◆ **YOUR INSTRUCTIONS**
Copy all records verbatim.

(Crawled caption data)
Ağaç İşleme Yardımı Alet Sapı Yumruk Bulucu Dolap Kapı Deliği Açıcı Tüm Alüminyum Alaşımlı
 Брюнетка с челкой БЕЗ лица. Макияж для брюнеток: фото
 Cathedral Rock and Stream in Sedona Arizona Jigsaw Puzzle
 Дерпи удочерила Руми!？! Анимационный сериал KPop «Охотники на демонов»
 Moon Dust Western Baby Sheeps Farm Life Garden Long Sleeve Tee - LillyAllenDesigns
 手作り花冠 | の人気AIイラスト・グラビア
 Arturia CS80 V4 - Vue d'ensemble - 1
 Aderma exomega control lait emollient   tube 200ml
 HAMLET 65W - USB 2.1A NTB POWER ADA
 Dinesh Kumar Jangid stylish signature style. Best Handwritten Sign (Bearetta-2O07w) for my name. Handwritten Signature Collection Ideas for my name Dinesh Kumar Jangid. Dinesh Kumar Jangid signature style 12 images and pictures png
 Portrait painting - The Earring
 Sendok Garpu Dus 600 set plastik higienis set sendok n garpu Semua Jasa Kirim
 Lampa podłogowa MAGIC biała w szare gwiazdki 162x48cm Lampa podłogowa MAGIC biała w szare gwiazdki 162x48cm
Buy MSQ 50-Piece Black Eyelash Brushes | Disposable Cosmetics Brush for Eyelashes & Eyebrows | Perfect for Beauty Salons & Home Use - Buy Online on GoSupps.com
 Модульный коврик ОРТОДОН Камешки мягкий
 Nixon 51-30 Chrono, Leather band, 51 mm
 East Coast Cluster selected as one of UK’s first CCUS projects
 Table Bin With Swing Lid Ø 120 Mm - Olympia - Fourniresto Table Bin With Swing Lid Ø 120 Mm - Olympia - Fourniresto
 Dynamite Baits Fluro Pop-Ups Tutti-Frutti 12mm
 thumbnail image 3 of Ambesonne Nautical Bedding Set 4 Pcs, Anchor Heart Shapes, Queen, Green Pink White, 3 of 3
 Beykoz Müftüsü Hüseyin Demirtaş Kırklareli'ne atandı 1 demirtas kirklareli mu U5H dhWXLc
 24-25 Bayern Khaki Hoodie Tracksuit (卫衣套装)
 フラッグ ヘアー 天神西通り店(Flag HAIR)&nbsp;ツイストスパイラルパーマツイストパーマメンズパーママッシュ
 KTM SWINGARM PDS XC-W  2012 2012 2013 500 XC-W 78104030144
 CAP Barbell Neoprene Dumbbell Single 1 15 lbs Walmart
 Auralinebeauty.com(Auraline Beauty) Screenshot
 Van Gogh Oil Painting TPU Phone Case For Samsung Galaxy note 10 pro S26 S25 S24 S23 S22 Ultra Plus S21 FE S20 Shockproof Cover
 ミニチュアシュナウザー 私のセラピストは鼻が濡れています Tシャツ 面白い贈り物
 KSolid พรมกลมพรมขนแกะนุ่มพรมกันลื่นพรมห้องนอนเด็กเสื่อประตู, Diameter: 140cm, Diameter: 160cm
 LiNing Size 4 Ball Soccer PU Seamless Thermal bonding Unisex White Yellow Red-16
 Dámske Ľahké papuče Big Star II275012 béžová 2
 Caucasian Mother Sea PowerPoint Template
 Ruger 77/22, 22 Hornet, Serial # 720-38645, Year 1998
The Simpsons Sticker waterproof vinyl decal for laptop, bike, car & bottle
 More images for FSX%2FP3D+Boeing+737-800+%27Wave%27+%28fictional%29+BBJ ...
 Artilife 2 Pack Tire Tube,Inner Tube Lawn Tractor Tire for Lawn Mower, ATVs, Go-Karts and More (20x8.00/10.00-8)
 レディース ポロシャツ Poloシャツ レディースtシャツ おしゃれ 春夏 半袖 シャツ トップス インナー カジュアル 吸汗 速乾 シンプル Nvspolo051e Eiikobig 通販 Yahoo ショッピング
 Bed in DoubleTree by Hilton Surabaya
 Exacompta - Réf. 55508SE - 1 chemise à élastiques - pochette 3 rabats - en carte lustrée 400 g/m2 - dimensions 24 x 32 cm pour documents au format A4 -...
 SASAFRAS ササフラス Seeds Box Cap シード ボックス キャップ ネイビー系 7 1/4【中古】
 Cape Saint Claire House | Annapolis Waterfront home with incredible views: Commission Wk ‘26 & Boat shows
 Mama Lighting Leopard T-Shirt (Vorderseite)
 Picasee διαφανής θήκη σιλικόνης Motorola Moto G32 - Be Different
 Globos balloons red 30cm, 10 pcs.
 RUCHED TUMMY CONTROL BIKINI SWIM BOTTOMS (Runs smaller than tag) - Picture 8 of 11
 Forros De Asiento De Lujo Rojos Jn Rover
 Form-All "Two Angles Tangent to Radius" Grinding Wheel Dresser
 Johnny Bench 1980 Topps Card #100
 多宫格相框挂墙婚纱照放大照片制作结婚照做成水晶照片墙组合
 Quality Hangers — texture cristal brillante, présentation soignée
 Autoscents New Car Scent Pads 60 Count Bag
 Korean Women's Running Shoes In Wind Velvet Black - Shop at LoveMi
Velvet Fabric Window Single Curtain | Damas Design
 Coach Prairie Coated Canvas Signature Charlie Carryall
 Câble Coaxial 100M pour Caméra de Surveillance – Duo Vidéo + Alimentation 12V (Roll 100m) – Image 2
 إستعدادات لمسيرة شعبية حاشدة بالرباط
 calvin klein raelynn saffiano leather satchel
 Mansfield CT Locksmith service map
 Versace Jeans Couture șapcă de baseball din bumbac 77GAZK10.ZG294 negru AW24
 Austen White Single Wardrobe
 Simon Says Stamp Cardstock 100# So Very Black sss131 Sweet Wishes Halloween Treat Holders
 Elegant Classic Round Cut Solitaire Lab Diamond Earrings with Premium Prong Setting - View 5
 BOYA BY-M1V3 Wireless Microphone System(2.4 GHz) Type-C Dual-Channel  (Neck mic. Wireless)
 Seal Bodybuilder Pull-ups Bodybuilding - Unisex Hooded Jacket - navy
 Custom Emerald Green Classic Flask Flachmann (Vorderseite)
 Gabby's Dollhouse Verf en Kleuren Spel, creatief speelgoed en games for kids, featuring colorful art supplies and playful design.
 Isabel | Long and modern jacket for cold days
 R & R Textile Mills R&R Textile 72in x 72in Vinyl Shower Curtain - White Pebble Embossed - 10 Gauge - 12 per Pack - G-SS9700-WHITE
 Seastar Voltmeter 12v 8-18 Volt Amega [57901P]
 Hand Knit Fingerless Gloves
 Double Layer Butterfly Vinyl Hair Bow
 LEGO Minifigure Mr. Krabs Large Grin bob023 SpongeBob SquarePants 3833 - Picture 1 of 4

◆ **SOLUTION TO THIS PROBLEM**
Ağaç İşleme Yardımı Alet Sapı Yumruk Bulucu Dolap Kapı Deliği Açıcı Tüm Alüminyum Alaşımlı
 Брюнетка с челкой БЕЗ лица. Макияж для брюнеток: фото
 Cathedral Rock and Stream in Sedona Arizona Jigsaw Puzzle
 Дерпи удочерила Руми!？! Анимационный сериал KPop «Охотники на демонов»
 Moon Dust Western Baby Sheeps Farm Life Garden Long Sleeve Tee - LillyAllenDesigns
 手作り花冠 | の人気AIイラスト・グラビア
 Arturia CS80 V4 - Vue d'ensemble - 1
 Aderma exomega control lait emollient   tube 200ml
 HAMLET 65W - USB 2.1A NTB POWER ADA
 Dinesh Kumar Jangid stylish signature style. Best Handwritten Sign (Bearetta-2O07w) for my name. Handwritten Signature Collection Ideas for my name Dinesh Kumar Jangid. Dinesh Kumar Jangid signature style 12 images and pictures png
 Portrait painting - The Earring
 Sendok Garpu Dus 600 set plastik higienis set sendok n garpu Semua Jasa Kirim
 Lampa podłogowa MAGIC biała w szare gwiazdki 162x48cm Lampa podłogowa MAGIC biała w szare gwiazdki 162x48cm
Buy MSQ 50-Piece Black Eyelash Brushes | Disposable Cosmetics Brush for Eyelashes & Eyebrows | Perfect for Beauty Salons & Home Use - Buy Online on GoSupps.com
 Модульный коврик ОРТОДОН Камешки мягкий
 Nixon 51-30 Chrono, Leather band, 51 mm
 East Coast Cluster selected as one of UK’s first CCUS projects
 Table Bin With Swing Lid Ø 120 Mm - Olympia - Fourniresto Table Bin With Swing Lid Ø 120 Mm - Olympia - Fourniresto
 Dynamite Baits Fluro Pop-Ups Tutti-Frutti 12mm
 thumbnail image 3 of Ambesonne Nautical Bedding Set 4 Pcs, Anchor Heart Shapes, Queen, Green Pink White, 3 of 3
 Beykoz Müftüsü Hüseyin Demirtaş Kırklareli'ne atandı 1 demirtas kirklareli mu U5H dhWXLc
 24-25 Bayern Khaki Hoodie Tracksuit (卫衣套装)
 フラッグ ヘアー 天神西通り店(Flag HAIR)&nbsp;ツイストスパイラルパーマツイストパーマメンズパーママッシュ
 KTM SWINGARM PDS XC-W  2012 2012 2013 500 XC-W 78104030144
 CAP Barbell Neoprene Dumbbell Single 1 15 lbs Walmart
 Auralinebeauty.com(Auraline Beauty) Screenshot
 Van Gogh Oil Painting TPU Phone Case For Samsung Galaxy note 10 pro S26 S25 S24 S23 S22 Ultra Plus S21 FE S20 Shockproof Cover
 ミニチュアシュナウザー 私のセラピストは鼻が濡れています Tシャツ 面白い贈り物
 KSolid พรมกลมพรมขนแกะนุ่มพรมกันลื่นพรมห้องนอนเด็กเสื่อประตู, Diameter: 140cm, Diameter: 160cm
 LiNing Size 4 Ball Soccer PU Seamless Thermal bonding Unisex White Yellow Red-16
 Dámske Ľahké papuče Big Star II275012 béžová 2
 Caucasian Mother Sea PowerPoint Template
 Ruger 77/22, 22 Hornet, Serial # 720-38645, Year 1998
The Simpsons Sticker waterproof vinyl decal for laptop, bike, car & bottle
 More images for FSX%2FP3D+Boeing+737-800+%27Wave%27+%28fictional%29+BBJ ...
 Artilife 2 Pack Tire Tube,Inner Tube Lawn Tractor Tire for Lawn Mower, ATVs, Go-Karts and More (20x8.00/10.00-8)
 レディース ポロシャツ Poloシャツ レディースtシャツ おしゃれ 春夏 半袖 シャツ トップス インナー カジュアル 吸汗 速乾 シンプル Nvspolo051e Eiikobig 通販 Yahoo ショッピング
 Bed in DoubleTree by Hilton Surabaya
 Exacompta - Réf. 55508SE - 1 chemise à élastiques - pochette 3 rabats - en carte lustrée 400 g/m2 - dimensions 24 x 32 cm pour documents au format A4 -...
 SASAFRAS ササフラス Seeds Box Cap シード ボックス キャップ ネイビー系 7 1/4【中古】
 Cape Saint Claire House | Annapolis Waterfront home with incredible views: Commission Wk ‘26 & Boat shows
 Mama Lighting Leopard T-Shirt (Vorderseite)
 Picasee διαφανής θήκη σιλικόνης Motorola Moto G32 - Be Different
 Globos balloons red 30cm, 10 pcs.
 RUCHED TUMMY CONTROL BIKINI SWIM BOTTOMS (Runs smaller than tag) - Picture 8 of 11
 Forros De Asiento De Lujo Rojos Jn Rover
 Form-All "Two Angles Tangent to Radius" Grinding Wheel Dresser
 Johnny Bench 1980 Topps Card #100
 多宫格相框挂墙婚纱照放大照片制作结婚照做成水晶照片墙组合
 Quality Hangers — texture cristal brillante, présentation soignée
 Autoscents New Car Scent Pads 60 Count Bag
 Korean Women's Running Shoes In Wind Velvet Black - Shop at LoveMi
Velvet Fabric Window Single Curtain | Damas Design
 Coach Prairie Coated Canvas Signature Charlie Carryall
 Câble Coaxial 100M pour Caméra de Surveillance – Duo Vidéo + Alimentation 12V (Roll 100m) – Image 2
 إستعدادات لمسيرة شعبية حاشدة بالرباط
 calvin klein raelynn saffiano leather satchel
 Mansfield CT Locksmith service map
 Versace Jeans Couture șapcă de baseball din bumbac 77GAZK10.ZG294 negru AW24
 Austen White Single Wardrobe
 Simon Says Stamp Cardstock 100# So Very Black sss131 Sweet Wishes Halloween Treat Holders
 Elegant Classic Round Cut Solitaire Lab Diamond Earrings with Premium Prong Setting - View 5
 BOYA BY-M1V3 Wireless Microphone System(2.4 GHz) Type-C Dual-Channel  (Neck mic. Wireless)
 Seal Bodybuilder Pull-ups Bodybuilding - Unisex Hooded Jacket - navy
 Custom Emerald Green Classic Flask Flachmann (Vorderseite)
 Gabby's Dollhouse Verf en Kleuren Spel, creatief speelgoed en games for kids, featuring colorful art supplies and playful design.
 Isabel | Long and modern jacket for cold days
 R & R Textile Mills R&R Textile 72in x 72in Vinyl Shower Curtain - White Pebble Embossed - 10 Gauge - 12 per Pack - G-SS9700-WHITE
 Seastar Voltmeter 12v 8-18 Volt Amega [57901P]
 Hand Knit Fingerless Gloves
 Double Layer Butterfly Vinyl Hair Bow
 LEGO Minifigure Mr. Krabs Large Grin bob023 SpongeBob SquarePants 3833 - Picture 1 of 4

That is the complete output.